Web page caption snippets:
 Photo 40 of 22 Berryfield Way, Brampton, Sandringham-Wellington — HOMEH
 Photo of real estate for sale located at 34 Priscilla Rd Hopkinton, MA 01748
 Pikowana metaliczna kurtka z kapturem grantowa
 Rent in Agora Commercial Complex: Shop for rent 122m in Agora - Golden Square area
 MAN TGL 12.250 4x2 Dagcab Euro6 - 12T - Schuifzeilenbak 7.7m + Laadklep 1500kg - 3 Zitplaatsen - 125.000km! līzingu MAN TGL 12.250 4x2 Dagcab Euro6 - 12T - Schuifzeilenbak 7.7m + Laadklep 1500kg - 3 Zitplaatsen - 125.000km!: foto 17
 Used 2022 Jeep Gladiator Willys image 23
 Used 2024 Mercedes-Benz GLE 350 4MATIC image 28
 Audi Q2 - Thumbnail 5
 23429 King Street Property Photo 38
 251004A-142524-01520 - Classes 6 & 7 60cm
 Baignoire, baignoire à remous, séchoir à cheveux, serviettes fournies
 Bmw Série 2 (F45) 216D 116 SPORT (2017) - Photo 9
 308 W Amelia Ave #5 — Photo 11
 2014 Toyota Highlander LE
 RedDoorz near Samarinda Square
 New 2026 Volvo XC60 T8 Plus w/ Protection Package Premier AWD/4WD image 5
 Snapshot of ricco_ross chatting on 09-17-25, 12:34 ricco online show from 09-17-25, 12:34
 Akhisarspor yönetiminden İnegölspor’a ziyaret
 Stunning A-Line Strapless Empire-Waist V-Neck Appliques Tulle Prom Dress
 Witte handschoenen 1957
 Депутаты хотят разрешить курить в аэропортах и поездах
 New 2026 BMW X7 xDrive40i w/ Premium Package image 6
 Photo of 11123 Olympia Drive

Task prompt:
From the line holding "New 2026 Volvo" to the final line of the data, output each line exactly and nothing more.

Completed exercise:
 New 2026 Volvo XC60 T8 Plus w/ Protection Package Premier AWD/4WD image 5
 Snapshot of ricco_ross chatting on 09-17-25, 12:34 ricco online show from 09-17-25, 12:34
 Akhisarspor yönetiminden İnegölspor’a ziyaret
 Stunning A-Line Strapless Empire-Waist V-Neck Appliques Tulle Prom Dress
 Witte handschoenen 1957
 Депутаты хотят разрешить курить в аэропортах и поездах
 New 2026 BMW X7 xDrive40i w/ Premium Package image 6
 Photo of 11123 Olympia Drive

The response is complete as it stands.